Les frontières de la laïcité

Frédérique De La Morena

Collection système, Lextenso-éditions. 24€

Frédérique De La Morena nous offre là un livre, où il est question des frontières juridiques de la laïcité, qui va devenir essentiel à tous les militants soucieux de sa défense. L’auteure s’y emploie à identifier ces frontières par rapport au droit et ainsi y constate une forme d’effondrement du principe de laïcité dû, entre autres, aux accommodements divers constatés dans la sphère publique, trop souvent au bénéfice du privé s’exprimant à travers les lobbies religieux.

L’analyse juridique est serrée et les renvois à des décisions judiciaires : Tribunaux administratifs, Instances d’appel ou Cour de Cassation nombreux qui pointent la formation d’un corpus jurisprudentiel paradoxal, voire à la limite incohérent.
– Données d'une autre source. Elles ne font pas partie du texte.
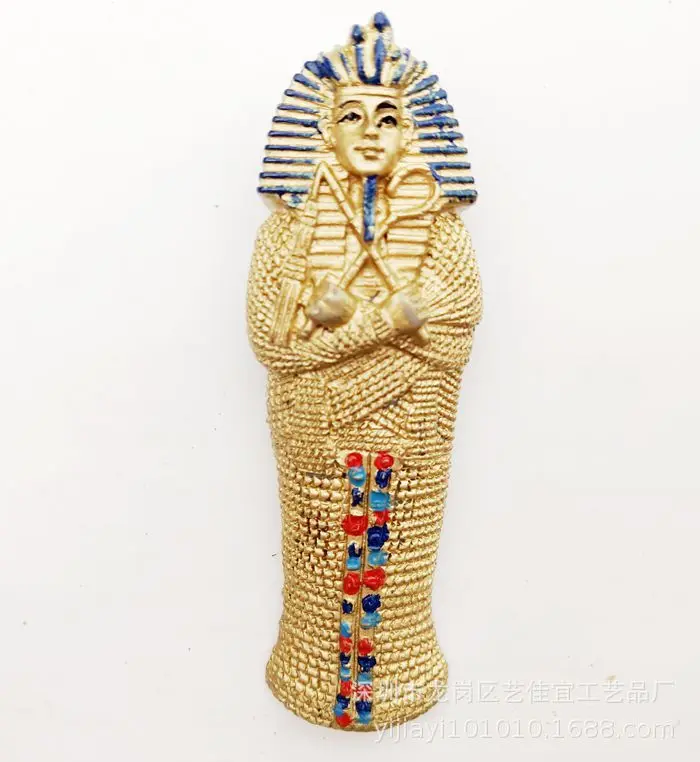 Магнитный сувенир на холодильник египетский фараон Мамия замерзшая стена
Démonstration en est fait par De La Morena notamment quand elle analyse les régimes des collectivités d’Outre-Mer, qui traînent encore des dispositions datant de l’ordonnance royale du 28 août 1828 pour la Guyane : « qui ne reconnaît qu’un seul culte, le culte catholique », ou bien encore le statut d’Alsace-Moselle, maintenant le régime concordataire napoléonien, juridiquement identifié comme un « quasi traité international ». Dans le cas d’espèce, c’est au Conseil d’État et au Conseil Constitutionnel qu’elle reproche de produire une jurisprudence s’appuyant sur le constat que « ni la Constitution de 1946 ni celle de 1958 n’évoquent le particularisme du droit local » d’où ils tirent argument pour ne pas trancher : qui ne dit rien consent, semble être leur philosophie.
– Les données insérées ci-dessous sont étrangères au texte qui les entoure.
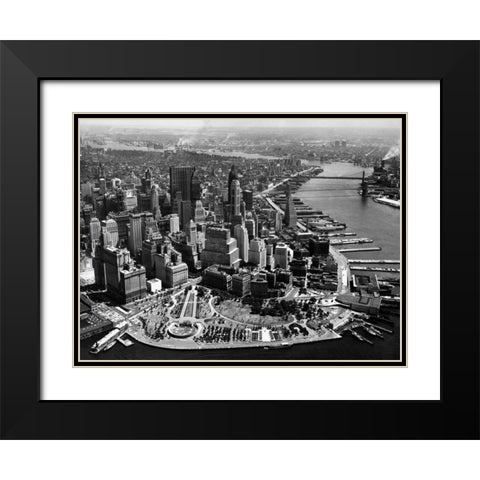 Aerial View of Manhattan Black Modern Wood Framed Art Print with Double Matting by Anonymous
Cette attitude constante à pour effet de renvoyer le problème au législateur, lequel se dérobe depuis 1918 malgré qu’il a le pouvoir, sinon le devoir, de supprimer le droit local au nom de l’égalité des citoyens et de l’indivisibilité de la République.

En conclusion, citons De La Morena : « Le droit doit être lisible et compréhensible pour être crédible », c’est pourquoi elle appelle le rétablissement par le droit des véritables frontières entre  religieux et politique, entre sacré et profane, entre foi et loi, entre immanence et transcendance. On ne peut que la suivre dans cette démarche.
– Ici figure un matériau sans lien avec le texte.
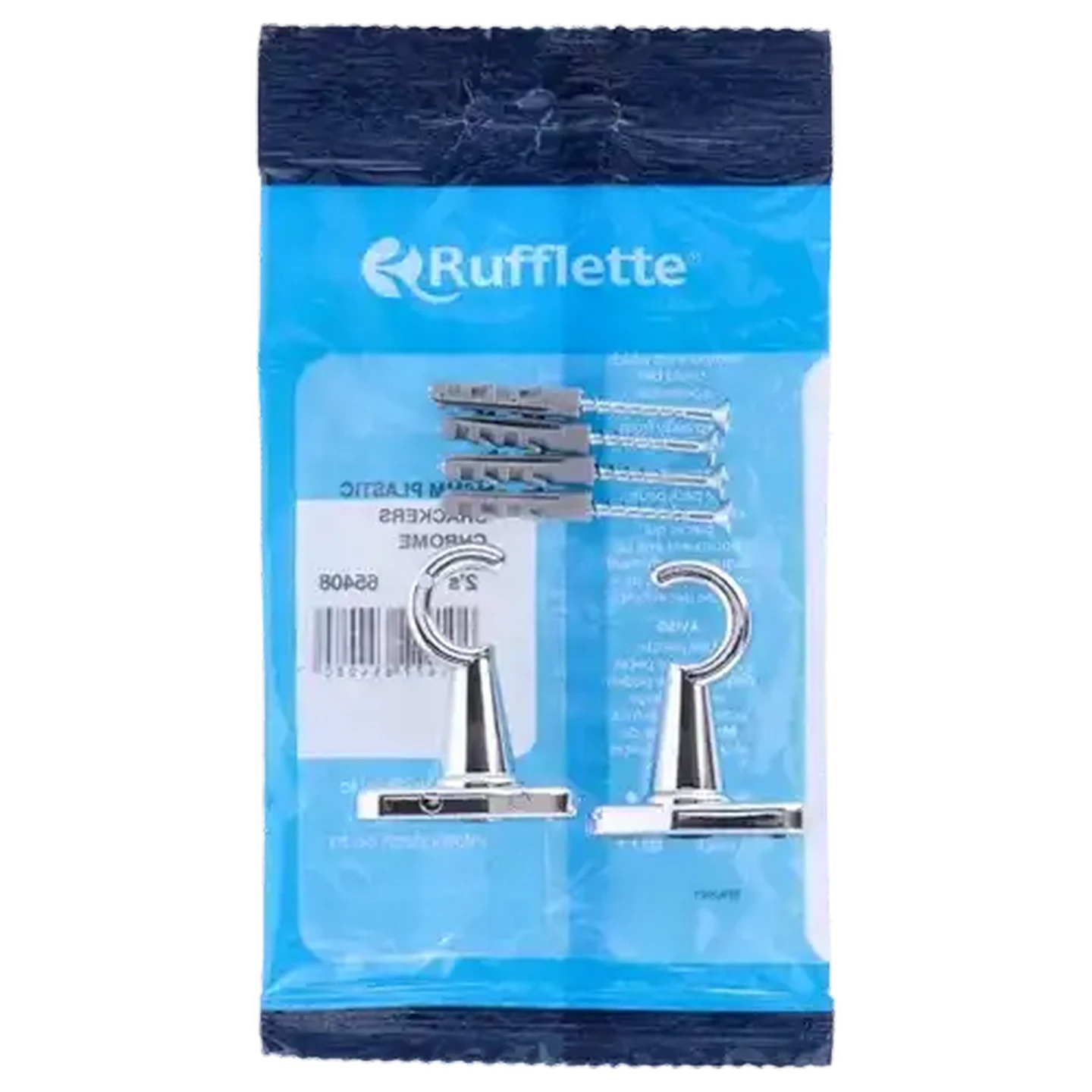 Image of Rufflette on Plastic Chrome Bracket 16mm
Addendum. Il y a peu, un camarade de la section du Jura, constatait devant moi le peu d’intérêt du public pour la laïcité, phénomène qu’il attribue au fait du manque de culture laïque des gens, manque qu’il impute à l’idée que la laïcité serait pour eux une évidence établie, et basta ! Aussi sa question était-elle ; que leur faire lire quand ils nous demandent conseil ? Je vous livre ma réponse : Henri Pena Ruiz et Catherine Kinztler pour la philosophie, Eddy Khaldi pour le dispositif juridique et réglementaire, Gérard Delfau pour l’histoire.

J’y ajoute aujourd’hui Frédérique De La Morena pour l’analyse fouillée de la laïcité dans son environnement judiciaire et jurisprudentiel.

Voilà cinq auteurs indispensables à notre armement intellectuel.